And right about the time when I was about to complete my first fundraising campaign and capital project, one of my board members is an executive in residence at Haas. And he actually suggested that I look at the program, thinking that I could benefit from some of the tools and the resources, but also, the network, which again, it’s not something that I really knew about. Nobody tells you, “Hey, if you go and participate in this thing that so many other people don’t really have access to, that could really help uplift you in your network through the ties that you make or the connections you make.”
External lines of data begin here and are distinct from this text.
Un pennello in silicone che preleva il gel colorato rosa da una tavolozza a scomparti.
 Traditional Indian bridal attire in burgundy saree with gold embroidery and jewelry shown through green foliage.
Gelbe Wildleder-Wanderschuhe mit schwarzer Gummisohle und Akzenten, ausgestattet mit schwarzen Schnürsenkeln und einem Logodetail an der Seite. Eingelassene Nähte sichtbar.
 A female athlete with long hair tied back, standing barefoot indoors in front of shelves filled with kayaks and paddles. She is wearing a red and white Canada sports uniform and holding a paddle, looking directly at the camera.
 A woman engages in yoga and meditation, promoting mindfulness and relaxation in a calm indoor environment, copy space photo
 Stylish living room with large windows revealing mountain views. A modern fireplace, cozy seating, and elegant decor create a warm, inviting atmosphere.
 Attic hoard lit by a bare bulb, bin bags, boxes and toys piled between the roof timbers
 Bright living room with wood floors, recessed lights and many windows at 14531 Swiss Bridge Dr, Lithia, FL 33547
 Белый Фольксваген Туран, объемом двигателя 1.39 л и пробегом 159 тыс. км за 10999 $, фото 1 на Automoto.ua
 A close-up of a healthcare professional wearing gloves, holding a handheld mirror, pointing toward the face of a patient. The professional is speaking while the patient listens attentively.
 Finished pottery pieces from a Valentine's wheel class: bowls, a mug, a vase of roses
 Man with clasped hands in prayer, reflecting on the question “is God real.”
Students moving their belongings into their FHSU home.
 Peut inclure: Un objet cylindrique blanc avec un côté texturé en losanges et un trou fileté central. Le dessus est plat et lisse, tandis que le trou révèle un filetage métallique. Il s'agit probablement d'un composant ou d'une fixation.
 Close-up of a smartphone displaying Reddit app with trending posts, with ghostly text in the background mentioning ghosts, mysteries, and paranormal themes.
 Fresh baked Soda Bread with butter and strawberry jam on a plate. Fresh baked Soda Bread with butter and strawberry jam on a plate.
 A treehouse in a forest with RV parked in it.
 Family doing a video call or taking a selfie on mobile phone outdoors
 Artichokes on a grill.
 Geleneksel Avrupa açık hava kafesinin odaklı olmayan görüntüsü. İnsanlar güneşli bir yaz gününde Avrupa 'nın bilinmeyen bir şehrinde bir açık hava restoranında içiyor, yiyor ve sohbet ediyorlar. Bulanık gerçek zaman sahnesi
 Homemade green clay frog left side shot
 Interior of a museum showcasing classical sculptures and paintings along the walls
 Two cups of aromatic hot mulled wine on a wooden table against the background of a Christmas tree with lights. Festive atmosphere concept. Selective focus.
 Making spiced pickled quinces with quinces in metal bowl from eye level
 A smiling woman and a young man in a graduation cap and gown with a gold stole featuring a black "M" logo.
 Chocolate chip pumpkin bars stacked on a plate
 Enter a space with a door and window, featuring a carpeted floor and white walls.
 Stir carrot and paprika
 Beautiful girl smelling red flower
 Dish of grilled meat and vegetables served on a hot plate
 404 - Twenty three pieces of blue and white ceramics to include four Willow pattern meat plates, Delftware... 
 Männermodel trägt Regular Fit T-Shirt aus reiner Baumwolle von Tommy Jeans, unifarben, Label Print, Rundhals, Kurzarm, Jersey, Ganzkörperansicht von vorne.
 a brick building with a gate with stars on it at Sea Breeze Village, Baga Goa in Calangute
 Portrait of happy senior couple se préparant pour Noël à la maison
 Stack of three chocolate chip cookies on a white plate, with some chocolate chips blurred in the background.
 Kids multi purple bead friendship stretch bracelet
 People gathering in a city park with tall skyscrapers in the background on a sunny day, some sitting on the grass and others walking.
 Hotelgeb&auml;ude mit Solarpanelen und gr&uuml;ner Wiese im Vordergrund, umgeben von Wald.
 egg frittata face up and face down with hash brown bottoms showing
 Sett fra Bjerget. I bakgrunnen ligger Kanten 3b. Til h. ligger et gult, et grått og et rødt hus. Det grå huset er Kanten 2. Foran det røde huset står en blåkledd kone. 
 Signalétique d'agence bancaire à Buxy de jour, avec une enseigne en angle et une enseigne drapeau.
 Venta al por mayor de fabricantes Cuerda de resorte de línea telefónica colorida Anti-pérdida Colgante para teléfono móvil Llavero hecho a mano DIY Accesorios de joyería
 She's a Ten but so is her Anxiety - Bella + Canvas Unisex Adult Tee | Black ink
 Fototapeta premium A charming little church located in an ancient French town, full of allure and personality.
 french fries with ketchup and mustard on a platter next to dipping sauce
So, that was my first inclination that, maybe, I could benefit from a little more learning. There’s so much that you know, but so much more that you don’t know that you don’t know. So, yeah, I’m really thankful for those folks in my community who’ve guided me along the way. When they see potential, they open doors. And I think that’s what I appreciated most about the Haas MBA program, is the way that, as soon as you’re in, the whole world is open to you. It’s an incredible way to just not meet people that, maybe, you wouldn’t otherwise encounter, but really build relationships. It’s not just about getting ahead or trying to advance your own work. It really is about getting to know folks and seeing what values you share, what aspirations you share. We have so much more in common than we don’t. And so, for me, I think that was really one of the impacts of the program.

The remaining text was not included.